But the series is decided, over in all but the most literal sense. The Gators made sure of that Saturday night, with a come-from-behind 7-2 victory that gave them consecutive wins over the nation's top-ranked team and three straight wins over ranked outfits following two straight close losses at Kentucky.
Saturday's win was maybe more impressive than Friday's, in which Logan Shore's B+ stuff and two very good innings from Kirby Snead staked the Gators to a 7-0 lead that A&M only meaningfully cut into against back-of-the-bullpen reliever Frank Rubio in a doomed ninth-inning rally that made the final margin 7-4.
Pete Alonso homered again on Saturday, nabbing his third RBI of the night on his second shot in as many games, but that was about the only commonality between the two games: A&M jumped on Alex Faedo, making his first Saturday start, for two runs in the top of the first, getting them on a leadoff homer and a run that scored on a wild pitch after a throwing error turned a single into a runner in scoring position.
Then Florida roared back with three runs in the bottom of the first, another run in the second, two more in the fourth, and a last insurance run in the sixth, with Mike Rivera and Jeremy Vasquez driving home two runs each. After that adventurous first inning, Faedo allowed just two baserunners in his final five frames; after he departed, Dane Dunning allowed just three baserunners in his three-inning save.
Before Sunday's game even starts — a game, mind, in which Florida will throw perhaps the most talented pitcher in college baseball, A.J. Puk — the Gators already have their first home series win over a ranked team this year.
And it is over the No. 1 team in the country. And it came in dominant fashion.
I mentioned this while writing about the Gators following their 3-2 win over Florida State earlier this week, but this team came in with expectations somewhere beyond the sky — in the ionosphere, maybe. That comes with the territory of being so star-studded that three first-round picks could leave Gainesville after this season and there would still be at least a couple left for next year, and with the precociousness the Gators showed in rampaging to the College World Series in 2015, before crafty Virginia answered a question no one else but Kentucky seems to know how to approach: "How on earth do you beat Florida?"
Through two games, the nation's top-ranked team has seemed to lack even an ability to isolate variables. Jumping on Faedo early should have been a prelude to something for the Aggies, but Florida responding by roughing up Kyle Sirmonds and leading by the end of the inning — something the Gators have done after 17 of the 18 innings this weekend — showed that even an early lead does not scare this team. Rallying in the ninth on Friday only really meant that Shaun Anderson had to emerge from the pen and get an out.

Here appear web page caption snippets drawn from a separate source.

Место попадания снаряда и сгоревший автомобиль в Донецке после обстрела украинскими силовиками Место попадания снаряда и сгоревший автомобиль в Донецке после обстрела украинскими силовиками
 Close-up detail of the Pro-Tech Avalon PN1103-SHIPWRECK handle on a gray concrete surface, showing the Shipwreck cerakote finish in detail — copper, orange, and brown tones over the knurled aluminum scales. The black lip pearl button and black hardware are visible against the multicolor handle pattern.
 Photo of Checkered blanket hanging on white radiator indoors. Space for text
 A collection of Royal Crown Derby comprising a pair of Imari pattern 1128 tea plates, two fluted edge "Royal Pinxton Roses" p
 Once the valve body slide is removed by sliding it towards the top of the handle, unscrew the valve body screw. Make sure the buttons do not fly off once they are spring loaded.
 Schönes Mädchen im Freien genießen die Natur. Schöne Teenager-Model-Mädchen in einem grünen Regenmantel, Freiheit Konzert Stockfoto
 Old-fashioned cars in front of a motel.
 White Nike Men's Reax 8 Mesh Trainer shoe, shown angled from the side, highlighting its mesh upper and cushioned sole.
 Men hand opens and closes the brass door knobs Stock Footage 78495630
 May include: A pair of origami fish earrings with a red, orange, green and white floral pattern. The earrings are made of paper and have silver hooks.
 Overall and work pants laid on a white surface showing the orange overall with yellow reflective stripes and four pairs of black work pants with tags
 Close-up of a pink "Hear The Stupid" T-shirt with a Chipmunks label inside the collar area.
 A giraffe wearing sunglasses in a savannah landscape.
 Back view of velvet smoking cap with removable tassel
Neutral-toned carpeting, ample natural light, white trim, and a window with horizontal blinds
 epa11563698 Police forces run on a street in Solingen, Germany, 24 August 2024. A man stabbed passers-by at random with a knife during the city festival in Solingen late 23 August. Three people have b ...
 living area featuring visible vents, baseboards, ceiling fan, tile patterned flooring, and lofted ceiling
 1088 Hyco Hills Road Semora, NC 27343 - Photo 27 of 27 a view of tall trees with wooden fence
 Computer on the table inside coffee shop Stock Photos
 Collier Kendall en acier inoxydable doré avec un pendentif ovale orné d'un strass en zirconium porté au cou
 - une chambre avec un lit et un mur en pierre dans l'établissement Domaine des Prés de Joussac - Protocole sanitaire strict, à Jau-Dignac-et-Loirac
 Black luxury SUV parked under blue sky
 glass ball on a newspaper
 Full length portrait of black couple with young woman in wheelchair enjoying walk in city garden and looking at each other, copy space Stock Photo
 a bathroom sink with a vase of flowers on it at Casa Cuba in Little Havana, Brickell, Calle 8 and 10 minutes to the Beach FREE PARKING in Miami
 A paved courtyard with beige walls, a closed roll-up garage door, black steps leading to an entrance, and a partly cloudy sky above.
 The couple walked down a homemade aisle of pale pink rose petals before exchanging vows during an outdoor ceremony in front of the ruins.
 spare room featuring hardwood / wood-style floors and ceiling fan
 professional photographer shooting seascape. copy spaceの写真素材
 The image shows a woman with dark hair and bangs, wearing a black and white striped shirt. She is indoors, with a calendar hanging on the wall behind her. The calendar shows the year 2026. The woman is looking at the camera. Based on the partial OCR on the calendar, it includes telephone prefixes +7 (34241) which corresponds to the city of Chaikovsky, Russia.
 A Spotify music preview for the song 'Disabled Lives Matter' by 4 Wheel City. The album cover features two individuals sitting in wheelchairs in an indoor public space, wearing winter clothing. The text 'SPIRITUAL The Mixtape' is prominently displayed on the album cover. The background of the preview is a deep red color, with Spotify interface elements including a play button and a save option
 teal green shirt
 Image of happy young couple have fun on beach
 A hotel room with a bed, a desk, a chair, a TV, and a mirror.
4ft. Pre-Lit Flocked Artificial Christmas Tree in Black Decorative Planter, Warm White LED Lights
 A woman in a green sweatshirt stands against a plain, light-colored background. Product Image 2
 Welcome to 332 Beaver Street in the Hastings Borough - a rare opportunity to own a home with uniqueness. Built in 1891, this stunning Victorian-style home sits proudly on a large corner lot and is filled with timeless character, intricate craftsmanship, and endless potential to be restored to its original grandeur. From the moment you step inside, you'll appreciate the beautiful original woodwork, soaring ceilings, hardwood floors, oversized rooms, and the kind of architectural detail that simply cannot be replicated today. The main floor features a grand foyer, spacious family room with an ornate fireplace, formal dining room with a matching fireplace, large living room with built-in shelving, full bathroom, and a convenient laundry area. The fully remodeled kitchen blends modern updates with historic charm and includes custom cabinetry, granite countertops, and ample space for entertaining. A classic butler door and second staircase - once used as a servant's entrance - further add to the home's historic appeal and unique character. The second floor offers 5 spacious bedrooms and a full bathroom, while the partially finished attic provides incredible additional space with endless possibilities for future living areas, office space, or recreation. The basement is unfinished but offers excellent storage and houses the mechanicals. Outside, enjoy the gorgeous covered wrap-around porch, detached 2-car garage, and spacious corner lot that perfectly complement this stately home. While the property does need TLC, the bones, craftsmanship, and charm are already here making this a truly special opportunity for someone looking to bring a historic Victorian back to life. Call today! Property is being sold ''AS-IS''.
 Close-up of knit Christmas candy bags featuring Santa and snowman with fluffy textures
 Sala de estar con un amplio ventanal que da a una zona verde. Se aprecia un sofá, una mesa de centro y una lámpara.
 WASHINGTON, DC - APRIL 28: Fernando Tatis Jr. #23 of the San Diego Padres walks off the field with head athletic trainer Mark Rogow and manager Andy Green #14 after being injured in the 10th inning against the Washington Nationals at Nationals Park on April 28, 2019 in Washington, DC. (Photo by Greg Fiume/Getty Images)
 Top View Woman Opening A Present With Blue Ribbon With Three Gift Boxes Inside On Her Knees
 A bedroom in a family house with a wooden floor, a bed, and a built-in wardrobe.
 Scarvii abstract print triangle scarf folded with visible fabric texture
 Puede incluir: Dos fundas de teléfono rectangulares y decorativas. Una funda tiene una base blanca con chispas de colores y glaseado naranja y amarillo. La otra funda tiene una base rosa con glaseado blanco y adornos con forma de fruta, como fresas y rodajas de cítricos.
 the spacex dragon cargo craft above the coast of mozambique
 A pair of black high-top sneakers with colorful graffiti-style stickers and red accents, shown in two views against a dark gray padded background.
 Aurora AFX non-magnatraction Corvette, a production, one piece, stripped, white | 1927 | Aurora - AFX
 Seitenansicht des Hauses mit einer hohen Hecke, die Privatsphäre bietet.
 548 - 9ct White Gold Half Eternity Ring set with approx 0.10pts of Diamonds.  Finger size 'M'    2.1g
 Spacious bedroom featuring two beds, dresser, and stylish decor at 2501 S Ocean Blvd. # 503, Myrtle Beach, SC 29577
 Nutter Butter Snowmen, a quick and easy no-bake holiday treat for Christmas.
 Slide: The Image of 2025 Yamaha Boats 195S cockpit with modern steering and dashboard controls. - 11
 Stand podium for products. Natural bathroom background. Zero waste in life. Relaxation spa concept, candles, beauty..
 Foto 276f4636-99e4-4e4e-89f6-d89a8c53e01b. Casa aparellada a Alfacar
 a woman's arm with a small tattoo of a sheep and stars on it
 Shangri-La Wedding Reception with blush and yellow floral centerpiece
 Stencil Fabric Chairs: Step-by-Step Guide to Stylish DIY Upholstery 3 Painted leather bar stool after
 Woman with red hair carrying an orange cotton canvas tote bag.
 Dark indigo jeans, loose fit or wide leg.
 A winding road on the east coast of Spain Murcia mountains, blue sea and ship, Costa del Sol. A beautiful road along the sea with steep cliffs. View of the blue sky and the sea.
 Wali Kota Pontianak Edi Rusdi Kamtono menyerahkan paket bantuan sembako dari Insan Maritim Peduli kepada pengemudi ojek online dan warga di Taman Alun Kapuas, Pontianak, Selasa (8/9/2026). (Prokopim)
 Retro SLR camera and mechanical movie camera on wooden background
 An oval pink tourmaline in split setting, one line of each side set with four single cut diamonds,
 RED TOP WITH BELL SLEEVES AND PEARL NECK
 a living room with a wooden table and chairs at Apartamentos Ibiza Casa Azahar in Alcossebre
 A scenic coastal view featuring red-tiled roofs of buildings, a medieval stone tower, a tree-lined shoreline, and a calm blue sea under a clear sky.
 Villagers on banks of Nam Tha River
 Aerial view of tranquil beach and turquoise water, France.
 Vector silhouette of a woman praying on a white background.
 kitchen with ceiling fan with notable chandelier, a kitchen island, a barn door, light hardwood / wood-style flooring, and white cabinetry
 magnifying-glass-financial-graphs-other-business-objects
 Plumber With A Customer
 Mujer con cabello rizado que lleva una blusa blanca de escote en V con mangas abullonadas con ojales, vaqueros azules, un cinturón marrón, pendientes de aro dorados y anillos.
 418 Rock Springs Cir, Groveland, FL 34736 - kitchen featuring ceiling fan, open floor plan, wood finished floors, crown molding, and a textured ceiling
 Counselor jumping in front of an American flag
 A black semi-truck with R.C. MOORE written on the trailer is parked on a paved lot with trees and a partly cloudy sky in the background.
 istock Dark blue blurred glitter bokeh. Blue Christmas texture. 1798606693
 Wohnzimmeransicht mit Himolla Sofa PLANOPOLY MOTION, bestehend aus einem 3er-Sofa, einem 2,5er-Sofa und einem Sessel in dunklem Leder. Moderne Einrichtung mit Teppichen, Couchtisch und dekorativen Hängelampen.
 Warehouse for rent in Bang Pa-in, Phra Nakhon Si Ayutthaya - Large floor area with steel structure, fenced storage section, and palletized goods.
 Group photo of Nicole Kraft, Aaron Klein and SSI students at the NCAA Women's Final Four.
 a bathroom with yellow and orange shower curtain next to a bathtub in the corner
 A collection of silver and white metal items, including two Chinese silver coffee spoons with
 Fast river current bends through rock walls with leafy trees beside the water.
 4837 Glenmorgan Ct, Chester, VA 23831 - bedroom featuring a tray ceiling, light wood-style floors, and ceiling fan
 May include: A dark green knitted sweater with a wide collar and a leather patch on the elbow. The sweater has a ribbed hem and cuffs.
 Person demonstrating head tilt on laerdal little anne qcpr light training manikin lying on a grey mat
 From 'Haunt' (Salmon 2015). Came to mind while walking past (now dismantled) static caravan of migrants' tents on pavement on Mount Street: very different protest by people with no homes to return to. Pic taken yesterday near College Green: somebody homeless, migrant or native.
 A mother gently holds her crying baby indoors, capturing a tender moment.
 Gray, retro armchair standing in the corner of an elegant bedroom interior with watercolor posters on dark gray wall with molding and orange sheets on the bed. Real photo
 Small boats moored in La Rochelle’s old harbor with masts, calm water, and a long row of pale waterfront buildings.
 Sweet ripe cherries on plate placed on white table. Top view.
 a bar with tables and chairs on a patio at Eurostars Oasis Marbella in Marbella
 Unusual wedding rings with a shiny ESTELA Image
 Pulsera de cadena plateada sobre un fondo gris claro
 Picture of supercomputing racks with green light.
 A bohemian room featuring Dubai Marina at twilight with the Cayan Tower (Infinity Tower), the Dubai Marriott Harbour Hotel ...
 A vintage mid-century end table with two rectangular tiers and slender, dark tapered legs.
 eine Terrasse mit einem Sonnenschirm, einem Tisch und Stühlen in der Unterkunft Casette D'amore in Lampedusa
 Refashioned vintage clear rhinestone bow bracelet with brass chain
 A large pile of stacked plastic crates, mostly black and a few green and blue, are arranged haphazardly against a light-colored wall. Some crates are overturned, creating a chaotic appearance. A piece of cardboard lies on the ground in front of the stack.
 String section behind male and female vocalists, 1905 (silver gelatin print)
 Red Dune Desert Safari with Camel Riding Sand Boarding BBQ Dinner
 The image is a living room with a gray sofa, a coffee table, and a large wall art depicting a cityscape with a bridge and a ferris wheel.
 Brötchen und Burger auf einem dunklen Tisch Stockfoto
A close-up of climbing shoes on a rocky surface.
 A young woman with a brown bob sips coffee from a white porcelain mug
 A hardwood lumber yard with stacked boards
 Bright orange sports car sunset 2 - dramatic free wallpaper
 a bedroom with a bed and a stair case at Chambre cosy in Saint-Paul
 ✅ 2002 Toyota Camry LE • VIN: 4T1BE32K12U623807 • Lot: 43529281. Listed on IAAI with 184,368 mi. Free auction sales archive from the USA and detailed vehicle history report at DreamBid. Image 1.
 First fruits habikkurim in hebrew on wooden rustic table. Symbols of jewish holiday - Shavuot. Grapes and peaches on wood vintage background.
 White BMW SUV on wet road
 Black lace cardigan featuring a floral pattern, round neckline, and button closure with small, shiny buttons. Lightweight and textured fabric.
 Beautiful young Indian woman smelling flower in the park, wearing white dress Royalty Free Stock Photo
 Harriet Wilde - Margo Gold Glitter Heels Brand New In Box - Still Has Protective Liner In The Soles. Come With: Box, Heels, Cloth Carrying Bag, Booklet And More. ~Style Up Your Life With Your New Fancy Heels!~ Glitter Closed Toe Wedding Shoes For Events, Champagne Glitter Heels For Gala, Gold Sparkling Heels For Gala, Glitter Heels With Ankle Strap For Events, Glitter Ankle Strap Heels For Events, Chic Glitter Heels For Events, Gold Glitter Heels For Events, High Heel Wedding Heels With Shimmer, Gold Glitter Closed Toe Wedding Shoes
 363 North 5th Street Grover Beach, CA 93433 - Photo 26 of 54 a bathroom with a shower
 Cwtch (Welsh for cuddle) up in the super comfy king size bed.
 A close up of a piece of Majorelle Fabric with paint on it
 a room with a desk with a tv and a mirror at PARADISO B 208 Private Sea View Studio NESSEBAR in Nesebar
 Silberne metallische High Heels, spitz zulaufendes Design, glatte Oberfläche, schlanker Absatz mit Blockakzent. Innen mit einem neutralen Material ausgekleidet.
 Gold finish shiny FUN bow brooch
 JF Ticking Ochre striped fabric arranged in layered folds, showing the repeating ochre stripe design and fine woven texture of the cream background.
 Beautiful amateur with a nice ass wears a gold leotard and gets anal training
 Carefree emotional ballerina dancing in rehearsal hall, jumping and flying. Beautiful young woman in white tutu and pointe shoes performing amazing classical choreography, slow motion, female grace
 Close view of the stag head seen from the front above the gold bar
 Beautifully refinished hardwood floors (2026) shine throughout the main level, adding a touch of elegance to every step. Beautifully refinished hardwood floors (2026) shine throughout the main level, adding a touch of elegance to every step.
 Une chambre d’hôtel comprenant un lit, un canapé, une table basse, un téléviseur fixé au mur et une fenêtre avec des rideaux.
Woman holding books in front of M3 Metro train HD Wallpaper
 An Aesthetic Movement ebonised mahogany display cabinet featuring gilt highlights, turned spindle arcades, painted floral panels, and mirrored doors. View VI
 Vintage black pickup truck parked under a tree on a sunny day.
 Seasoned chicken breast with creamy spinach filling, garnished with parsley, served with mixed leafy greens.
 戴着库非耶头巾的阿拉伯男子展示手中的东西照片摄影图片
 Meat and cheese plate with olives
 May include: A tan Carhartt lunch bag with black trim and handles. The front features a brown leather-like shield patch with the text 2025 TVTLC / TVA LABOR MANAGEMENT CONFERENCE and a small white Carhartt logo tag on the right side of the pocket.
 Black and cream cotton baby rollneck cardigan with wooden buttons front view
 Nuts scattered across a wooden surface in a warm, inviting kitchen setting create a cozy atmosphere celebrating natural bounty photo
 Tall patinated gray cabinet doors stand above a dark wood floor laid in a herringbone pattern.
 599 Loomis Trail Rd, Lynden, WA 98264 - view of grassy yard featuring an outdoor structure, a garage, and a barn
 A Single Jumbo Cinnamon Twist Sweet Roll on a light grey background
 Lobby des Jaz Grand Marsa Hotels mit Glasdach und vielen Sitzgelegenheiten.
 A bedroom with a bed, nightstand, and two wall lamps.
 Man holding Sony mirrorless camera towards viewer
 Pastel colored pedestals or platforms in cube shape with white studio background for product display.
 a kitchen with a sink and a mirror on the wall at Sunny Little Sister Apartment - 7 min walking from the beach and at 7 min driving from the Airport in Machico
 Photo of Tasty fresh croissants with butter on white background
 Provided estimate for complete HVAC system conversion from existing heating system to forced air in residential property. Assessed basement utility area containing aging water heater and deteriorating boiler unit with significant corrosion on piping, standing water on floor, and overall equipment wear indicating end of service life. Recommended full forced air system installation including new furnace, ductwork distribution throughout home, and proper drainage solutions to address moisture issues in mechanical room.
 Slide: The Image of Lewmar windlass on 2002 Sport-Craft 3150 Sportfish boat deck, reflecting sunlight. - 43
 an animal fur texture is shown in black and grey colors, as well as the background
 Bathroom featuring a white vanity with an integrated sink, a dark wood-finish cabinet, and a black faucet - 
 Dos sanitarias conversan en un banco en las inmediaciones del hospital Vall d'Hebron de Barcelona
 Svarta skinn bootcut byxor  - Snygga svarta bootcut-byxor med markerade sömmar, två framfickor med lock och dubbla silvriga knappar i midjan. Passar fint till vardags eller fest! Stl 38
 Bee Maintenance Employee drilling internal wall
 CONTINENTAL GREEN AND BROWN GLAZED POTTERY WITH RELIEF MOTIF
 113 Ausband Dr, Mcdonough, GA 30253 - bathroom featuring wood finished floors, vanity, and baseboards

And keeping JJ Schwarz and Buddy Reed mostly in check, something Texas A&M has done by allowing Florida's superb sophomore to contribute only a sacrifice fly and a single in a 1-for-8 weekend to date and limiting the Gators center fielder to a 2-for-10 performance that included an RBI single on Friday, simply has not mattered. The Gators are too deep up and down the lineup to be mowed down: Alonso emerging as a fearsome cleanup hitter is a great ongoing development, but little things like Jonathan India going 4-for-4 as Florida's No. 9 hitter on Friday and Vasquez coming out of his seeming sophomore slump to drive in runs in both games against the Aggies seem to happen every game.
I'm still more worried about that offense than anything, because seven runs a game could still be topped by, say, 10 runs a game, and because the Gators still have that potential if every hitter clicks at once. But I thought I was picking nits earlier this week; now, I feel like I'm walking around the Louvre, looking for flaws.
Florida has the best team in college baseball this year, even when it is not playing its absolute best ball, and we now have a rather breezy series victory against one of the other excellent teams as proof of that truth.
Whatever happens from here on in, we can be pretty sure of that.